A B+ tree is an enhancement of the B-tree data structure, specifically optimized for indexing purposes. Unlike traditional B-trees, which store data pointers in both internal and leaf nodes, B+ trees only store data pointers at the leaf nodes. This design eliminates the need to traverse internal nodes for data retrieval, making B+ trees more efficient for disk-based storage systems.

Key characteristics of a B+ tree include:

**Leaf Node Structure:**Leaf nodes in a B+ tree store all key values along with their corresponding data pointers to disk blocks.**Internal Node Structure:**Internal nodes of a B+ tree consist of tree pointers and key values. Each internal node follows a specific structure where keys are sorted in ascending order, facilitating efficient search operations.**Tree Pointer Arrangement:**Internal nodes have a maximum of ‘a’ tree pointers, where ‘a’ is the order of the B+ tree. The root node contains at least two tree pointers, while other internal nodes have at least ⌈a/2⌉ pointers.**Key-Pointer Relationship:**For each search field value ‘X’ in the subtree pointed to by a tree pointer Pi, the internal node ensures that the condition Ki-1 < X <= Ki holds for 1 < i < c, where ‘c’ is the number of pointers in the node.

### 6. Segment Tree

A segment tree is a binary tree utilized for storing intervals or segments. Every node of the tree is used to represent an interval. A segment tree can be represented using a simple array. This tree allows us to answer range queries over an array.

Let’s say we have an array A of size N that represents a segment tree T.
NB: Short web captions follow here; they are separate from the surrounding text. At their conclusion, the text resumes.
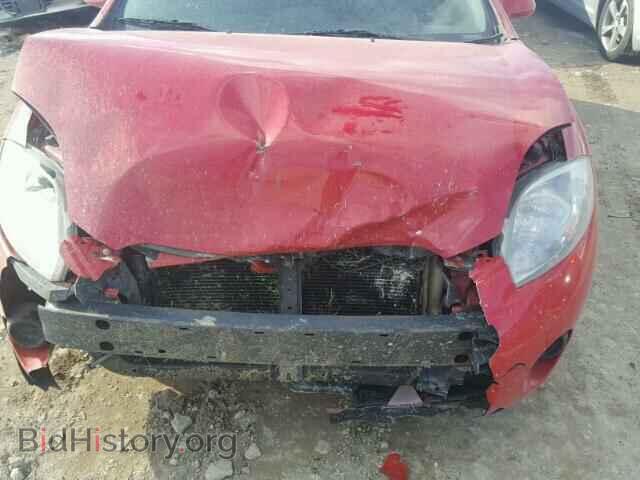 2006 MITSUBISHI ECLIPSE - VIN: 4A3AK24F56E034923 - Photo 7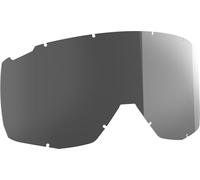 Scott Goggle Single Ersatzscheibe für Primal/Hustle/Split/Tyrant grau AFC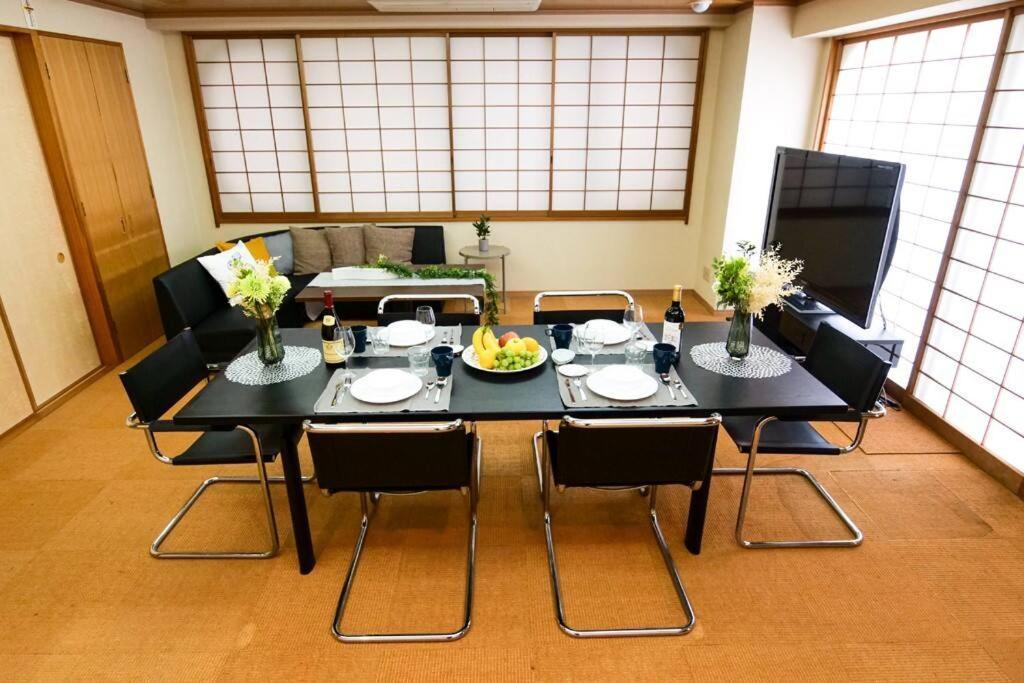Kodaka Hotel Tokyo Dış mekan fotoğraf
- The root node of the tree includes all elements of the array A[0 – 1].
- Every leaf node of the tree will represent only one element of the array A[i] such that 0 <= i < N
- The internal nodes of the tree will represent the union of elementary intervals A[i : j] where 0 <= i < j < N.
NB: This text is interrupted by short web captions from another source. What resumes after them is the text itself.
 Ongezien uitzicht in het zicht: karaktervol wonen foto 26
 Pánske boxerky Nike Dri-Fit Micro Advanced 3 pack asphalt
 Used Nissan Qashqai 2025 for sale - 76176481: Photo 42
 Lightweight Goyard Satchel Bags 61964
Two operations can be done on a segment tree – update (update the value of a key) and query (given two indices, return the segment lying between the two indices).

## Conclusion

- Trees are hierarchical data structures consisting of nodes, each storing a value and references to child nodes.
- Binary trees restrict nodes to have at most two children, leading to variations like full, degenerate, perfect, complete, and balanced binary trees.
- Ternary trees extend this concept, allowing nodes to have up to three children, typically labeled as “left”, “mid”, and “right”.
- N-ary trees, also known as generic trees, permit nodes to have multiple children, with the exact number varying per node.
- Binary Search Trees, AVL Trees, and Red-Black Trees are variants optimized for efficient searching, insertion, and deletion operations.
- B-Trees and B+ Trees are designed for disk storage systems, ensuring uniform leaf levels and efficient indexing for large datasets. Additionally, segment trees offer a specialized structure for interval-based queries in arrays.